What the majority of Republicans want is for Craddick to bow out gracefully, just as, in January, what they wanted was for Craddick to change. They were deceiving themselves then, and they are deceiving themselves now. Craddick does not change. Craddick does not give up. He’ll try to remain speaker as long as Pete Laney did.

The problem facing the insurgency now is that the members smell the barn. In just six days, they get their lives back. This is the last day for serious floor debate. Tomorrow is third readings for today’s bills, and after that, everything is concurrences and conference committee reports, which are up-or-down votes. Craddick’s vulnerability has never been that the insurgency could put together a firm majority against him; it was that, in his never flagging zeal to deny the opposition even the smallest victory, he would go too far and provide the spark that ignited the powder-keg atmosphere in the chamber.

This is what happened on the night of May 7, when he overruled a point of order that the Calendars committee had violated House rules by placing a Craddick ally’s local bill on the Major State calendar. All of a sudden several House heavyweights, all of them Republicans, were questioning his ruling from the back microphone. This was the moment to make the speech that Craddick was doing irreparable harm to the institution by ignoring the rules and destroying collegiality and attempting to preserve his power by fear, and when Fred Hill went to the microphone, I really thought he was going to do the deed. He started down that road: “I have told the speaker that this was not a wise decision. I think this body would be better off if we put this behind us.” But then he said, “If he [Craddick] loses, we all lose. We need to put this behind us. I urge everybody to vote for the body. Let’s vote to sustain the speaker on this.”

That night, I worked on a blog of what Hill should have said. I wasn’t sure that it was a fair thing to do to Mr. Hill, so I never finished it, and by the next work day, Monday, there was another blowup and I let it go. But here is what it said:

“Remarks of Fred Hill on Personal Privilege”
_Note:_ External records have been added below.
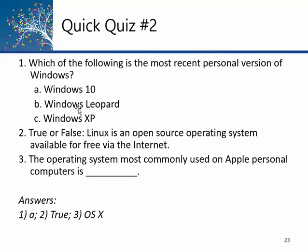Quiz answers: the most recent personal version of Windows is Windows 10. True: Linux is an open source operating system available free on the internet. The operating system most commonly used on Apple personal computers is OS X, with El Capitan being the latest version.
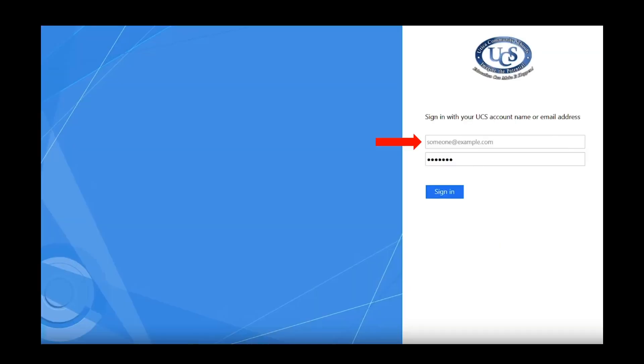On this screen, you will see your child's email address pre-populated, and you will need to enter their password. Once you have typed in your child's password, click Sign In.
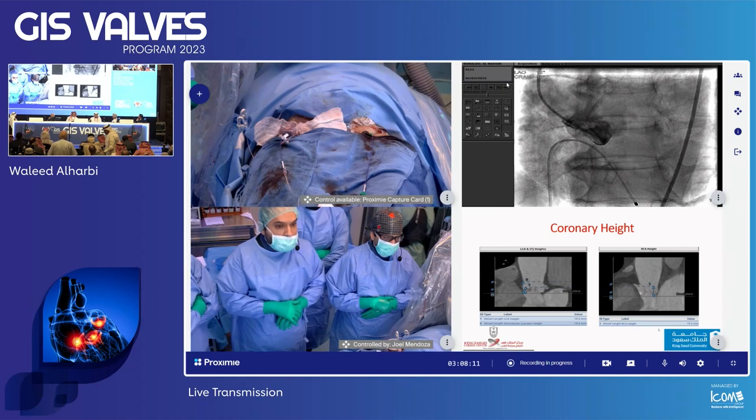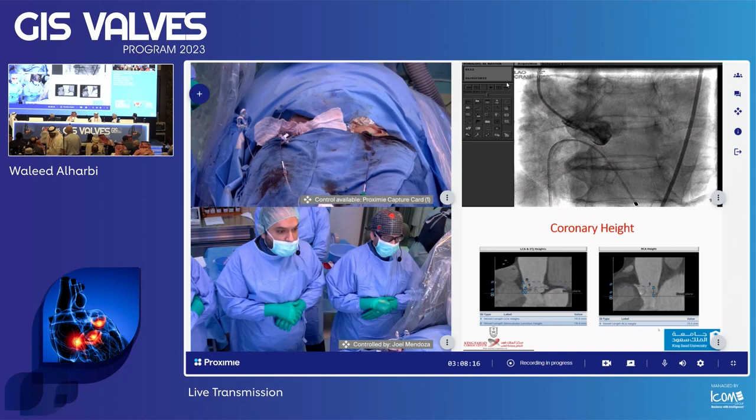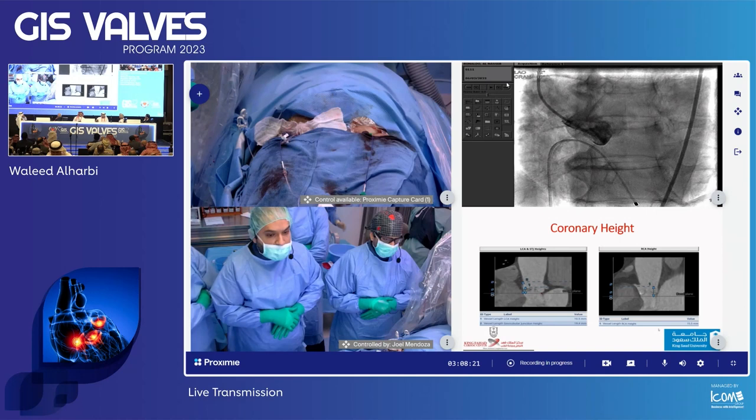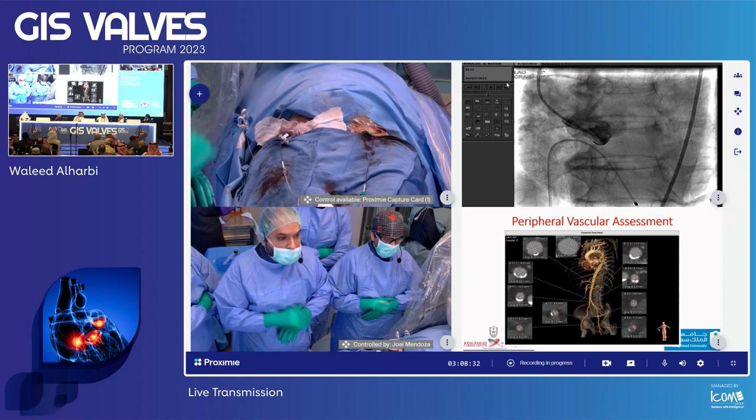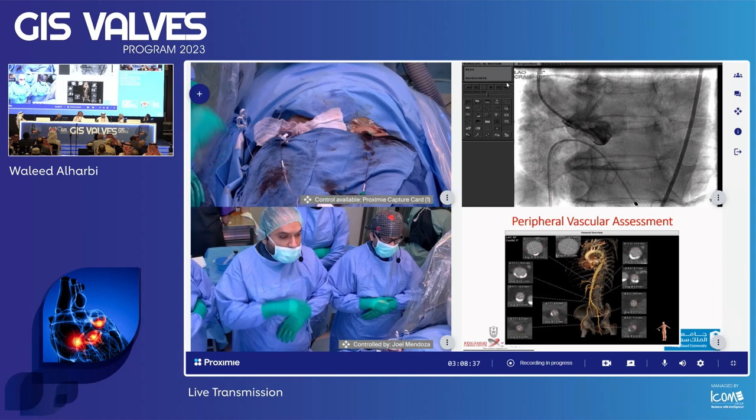An important consideration is coronary height. The left coronary ostium height was 10.5 mm, and the right coronary ostium height was 15.5 mm. Her peripheral vasculature was predominantly adequate, but she had a high bifurcation of her right femoral artery. We chose a permissive diameter femoral artery approach with no significant circumferential calcification.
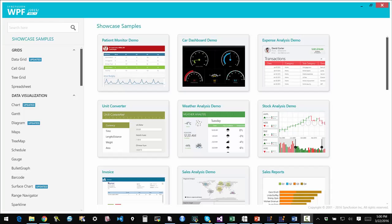The Syncfusion WPF Studio is a suite of 100 plus frameworks and controls for the WPF platform. It is one of the most powerful, most comprehensive suites of such controls available on the market.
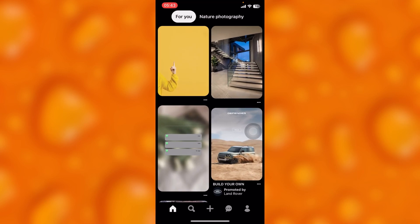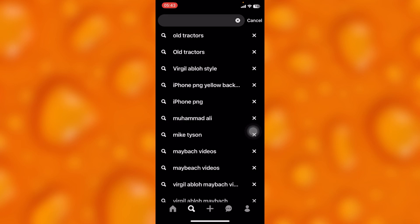Inside our Pinterest app, simply just go to your search section. These are my recently searched pins.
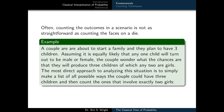Our dice game involved a very low number of total possibilities. Most of the time when we analyze a scenario with the classical interpretation, the complexity is much greater. In our next example, we imagine a couple planning to have three children. Assuming it's equally likely that any child will be male or female, the couple wonders what the chances are of having three children of which any two are girls. The most direct approach is to list all possible ways the couple could have three children and count those involving exactly two girls.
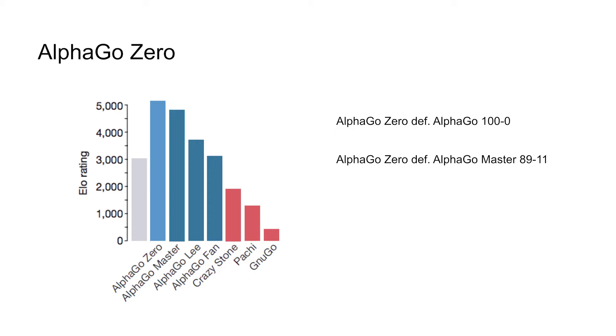So in 2017, DeepMind released AlphaGo Zero that addressed both of these criticisms. So rather than starting from this human database to run these machine learning things, they only did the reinforcement learning procedure. So they started with this really terrible playing Go program and had it play against itself a lot of times. And by just doing the reinforcement learning in a really clever way that was new, they were able to build this program.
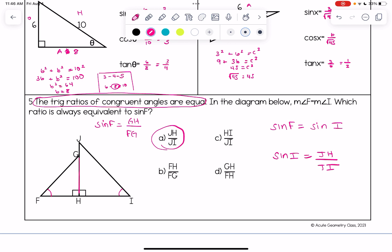In the rest of the videos in this playlist, you can learn more about right triangle trigonometry. Thanks for watching.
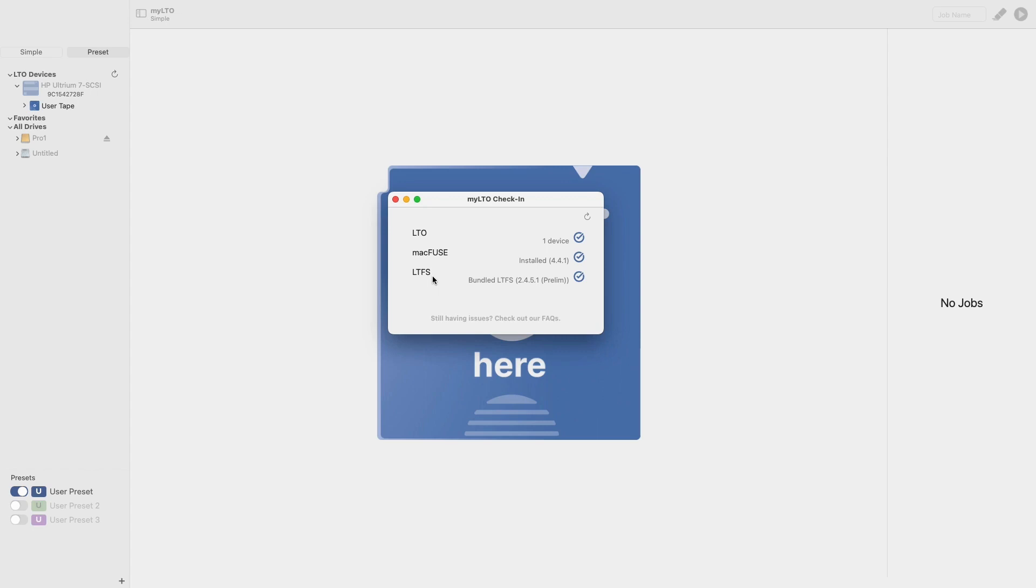However, there is still the option to use a custom LTFS. Because this process is more complicated, it is not recommended. However, I have included a link in the description below detailing the installation and setup process.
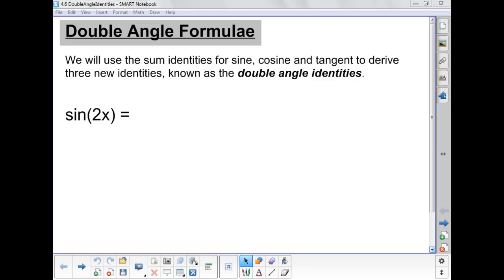Hello and welcome to today's lesson on double angle formulae. What we're going to do today is use specifically the sum identities for sine, cosine, and tangent that we've covered over the last several lessons to create three new identities known as the double angle identities.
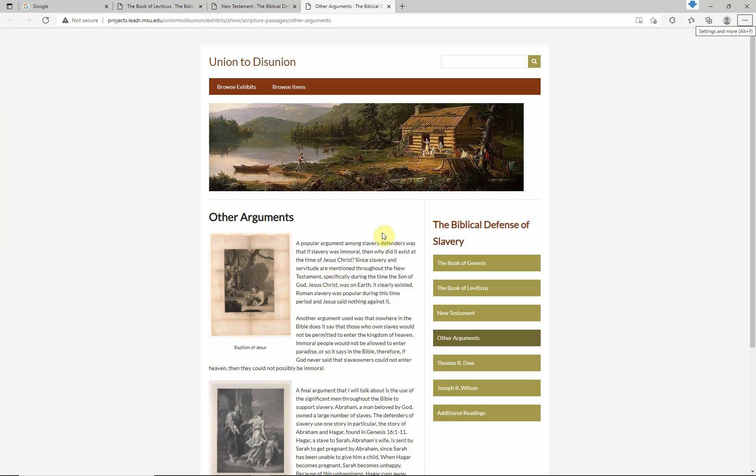Another popular argument among slavery defenders was: if slavery was so immoral, why did it exist at the time of Jesus Christ? Since slavery and servitude are specifically mentioned throughout the New Testament during the time of the Son of God, and Jesus said nothing against Roman slavery, then it clearly wasn't condemned. Another argument was that nowhere in the Bible does it say that those who own slaves would not be permitted into the kingdom of heaven — so by simple logic, slave owners couldn't possibly be immoral.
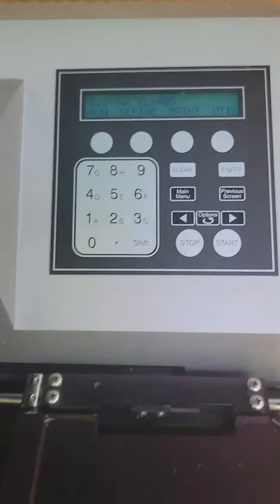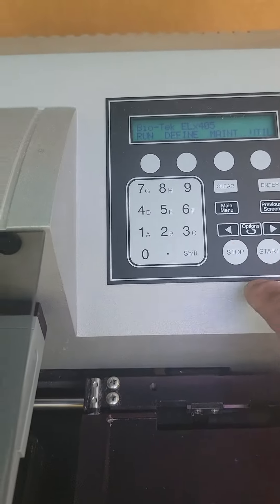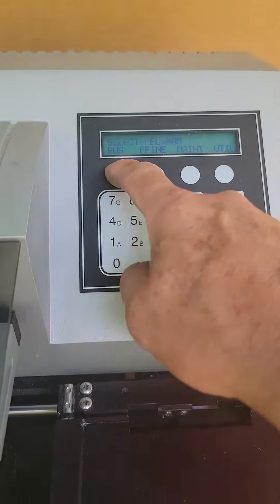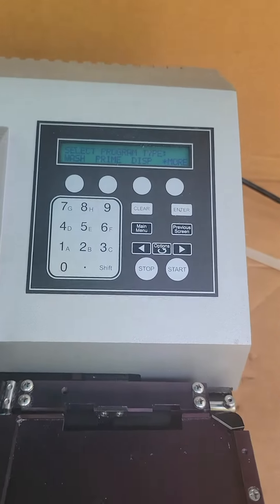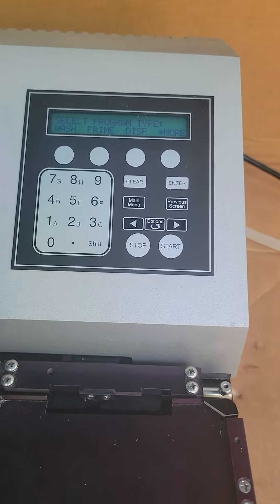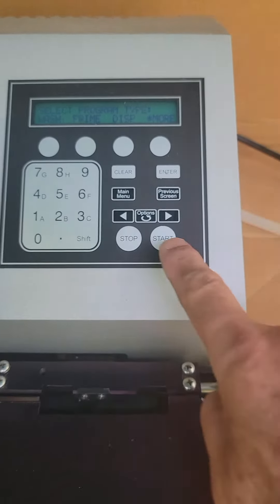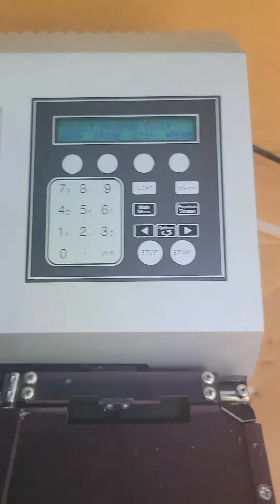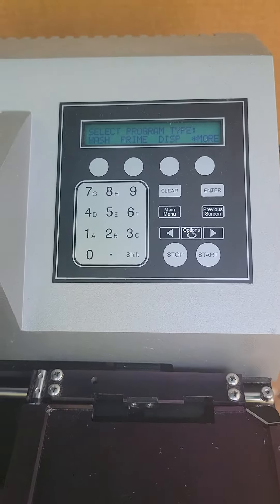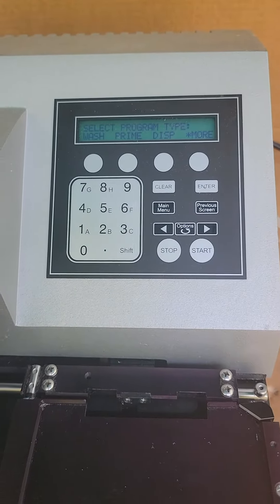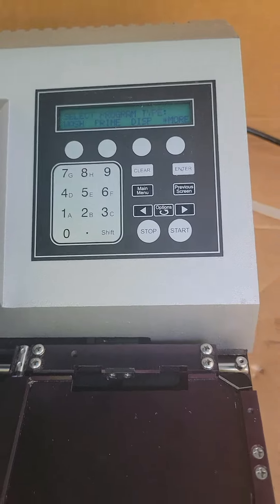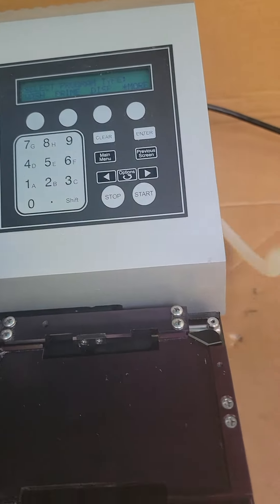And it works really nice. So if we do a run, of course it's not connected. We'll do it anyway just so you can see. Of course, we need to connect the hose to the water so it can wash.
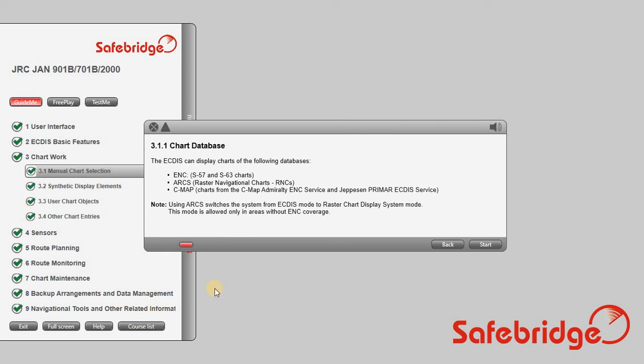Chart Database. The ECTIS can display charts of the following databases: ENC, S57, and S63 charts. ARCs — Raster Navigational Charts, RNCs.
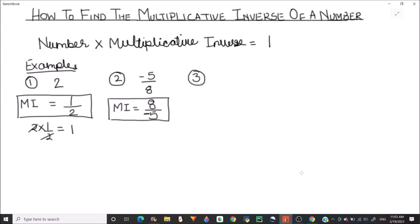Let's solve more examples and find the multiplicative inverse of negative 10. This is very easy. The multiplicative inverse is just the reciprocal of -10, which is 1/(-10). So this is the multiplicative inverse.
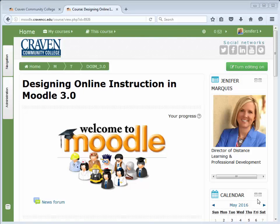Welcome to Designing Online Instruction in Moodle 3. This tutorial will focus on the process of meta-linking courses so that instructors can teach two sections or more of the same course from one Moodle shell. Meta-linking automatically pushes enrollments from one Moodle course to another, only requiring instructors to develop and maintain one course for two or more course sections.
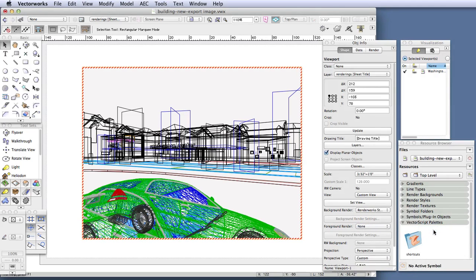We're using Realistic Exterior Fast here so that we can see the rendering quickly, but for the final rendering, you can of course always use Realistic Exterior Final.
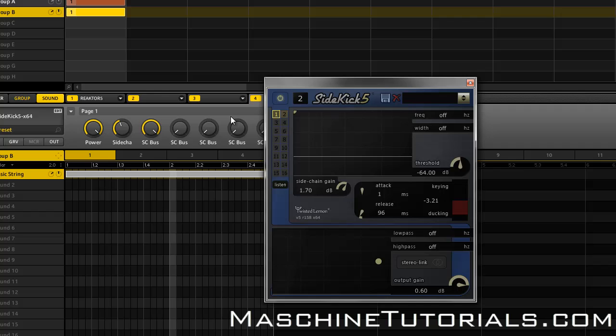So you can use multiple instances. So let's say you want to sidechain a pad or a string or a synth line, and you want to sidechain it with multiple drum, multiple kick drums, or you know, a kick and a snare, or whatever you want to do - you can actually just click multiple instances and it'll all affect it.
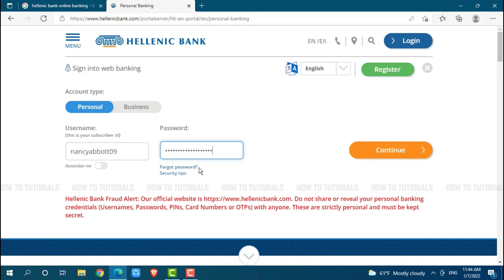Then, you will be able to have your password. Hope this video is fruitful for you all on how you can get logged in into the online banking account of Hellenic Bank. Thank you.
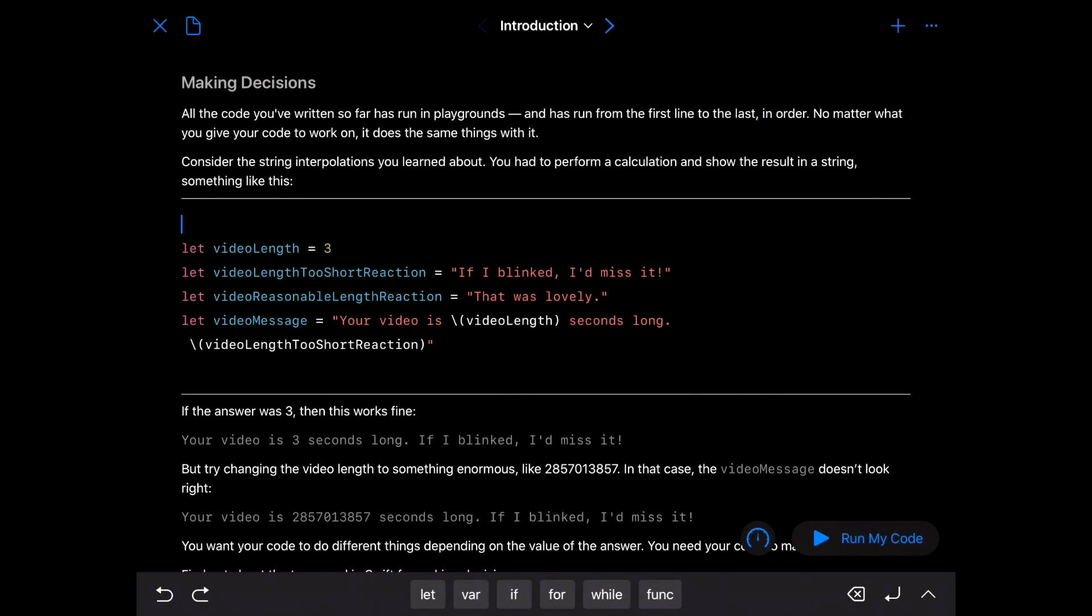Okay yo what's up guys so this is another and I think this is going to be our last playground. There might possibly be one more depending on how much time we have. Let's just start going through this. So this particular playground shows you how to control your code with if statements.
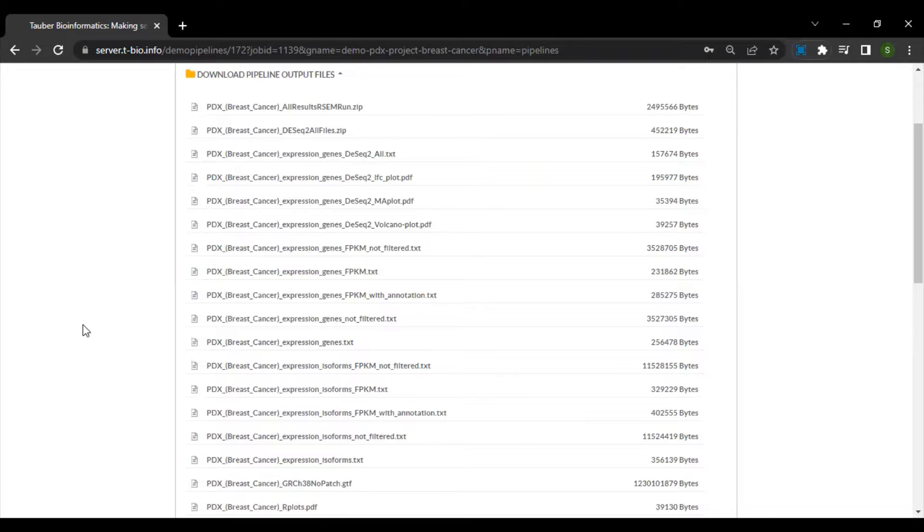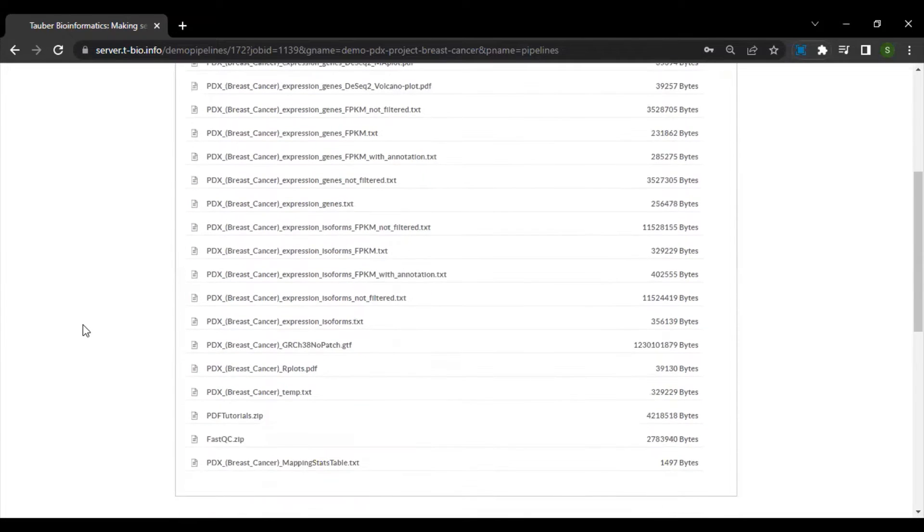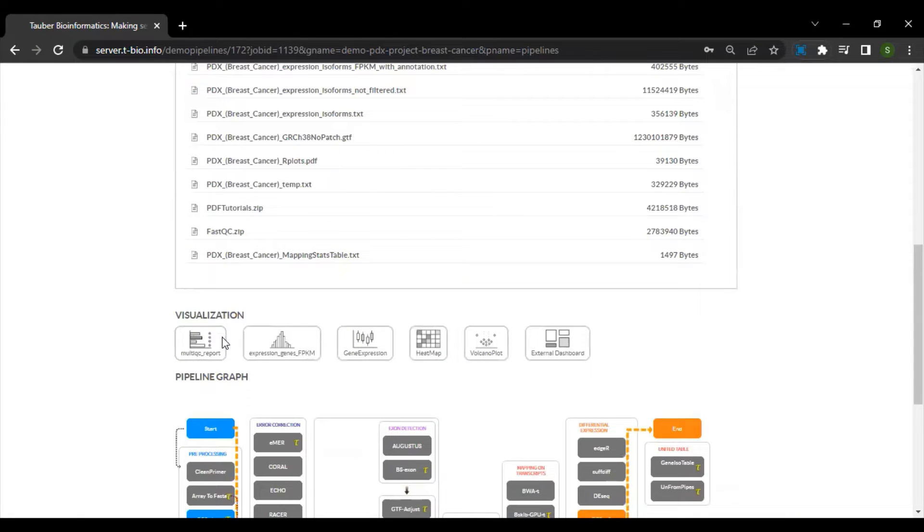Apart from that, you will also have several visualization plots, including MA plot and volcano plot. Now below, you will also see various visualization options.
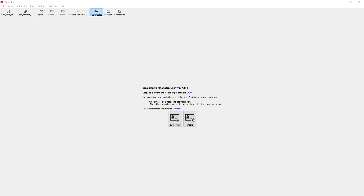There are a lot of tutorials that show you how to install Kleopatra, so I am not repeating that process. However, I am trying to explain how to generate a public and private key pair. I understand there are tutorials for that too, but I am trying to showcase the mistakes I have made so that you won't repeat them.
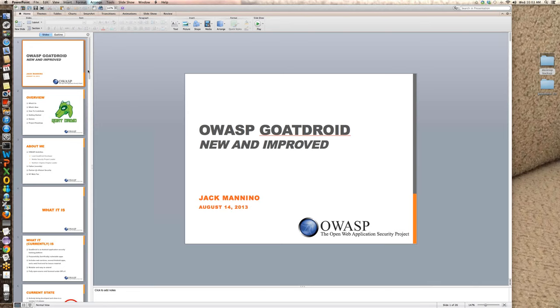Apologies if any of the code might end up being small. Sometimes GoToMe tends to go weird and do weird things, like scaling a 27-inch screen to other size screens.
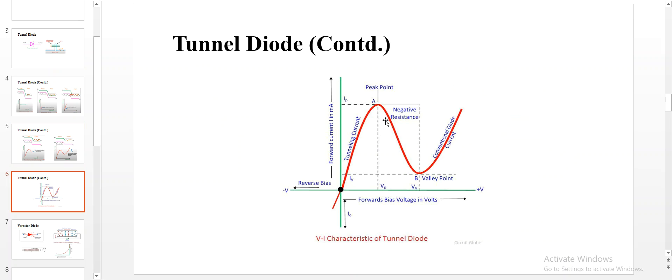Current is produced when more electrons tunnel from N side to P side. Here, though the voltage is increased, the transfer of electrons from N side to P side reduces, so the current goes down to the valley region. With no overlap of conduction band and valence band, it acts as a normal conventional PN diode. This is the entire working process and VI characteristics of a tunnel diode.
Mr. Speaker and Colleagues:

It is with deep regret and a heavy heart that I stand before you today in this chamber that we all love. The greatest privilege of my life, other than to be raised in, and to raise, a loving family, is to have served the people of our great state as a member of the Texas House of Represenatives. I am honored to have served with each and every one of you, none moreso than my dear friend Tom Craddick. No one has ever been more worthy of the job of speaker than he. No one has mentored more young members. No one has done more for his party. No one has fought harder for the things he believes in. On a more personal level, I shall be forever in his debt for giving me the opportunity to affect public policy in our state, even though we did not always agree on the direction I was taking.

And yet, as much as I love the man Tom Craddick, I love this body more. This House is a rememarkable institution. It is superior in every way to our national House of Representatives, where a member must wait many terms before he or she can affect the process. Here, we do not tell members, “You must wait your turn.” We do not tell members, “You can’t affect this policy because you’re not on the right committee.” We do not tell members, “You can’t accomplish anything because you’re in the wrong party.” We say, “This is the Texas House of Representatives. We reward hard work. We reward initiative. We reward independence. You can do here whatever you’re big enough to do.”

This is what the House of Representative should be, but, I am sorry to say, it is not the way it is. Today, initiative is discouraged. Independence is punished. I do not intend to ascribe blame for the current state of the House. I am guilty; we are all guilty, because we have allowed it to exist. Some say that it is the unavoidable consequence of the transition that that saw my party take control in 2003. Perhaps they are right. But the question that we must ask ourselves is, How long can the House continue to engage in a never-ending cycle of retribution and payback before there is no turning back to the traditions of collegiality and common good that once prevailed on this floor? How long can we continue to tolerate the stifling of individual initiative and independence before we become like Congress and submit to the centralization of power in the leadership? The answer is, “We can’t afford to find out.”

I have concluded, with great sadness, that for change to be successful, it must begin with new leadership. I reiterate what I said before: I do not blame Tom Craddick for our own shortcomings. But I do not believe that the speaker can change, and therefore we must change the speaker. Accordingly, at the conclusion of my remarks, I will make the privileged motion to declare the chair vacant. If that motion carries, I will nominate Jim Keffer for Speaker of the House.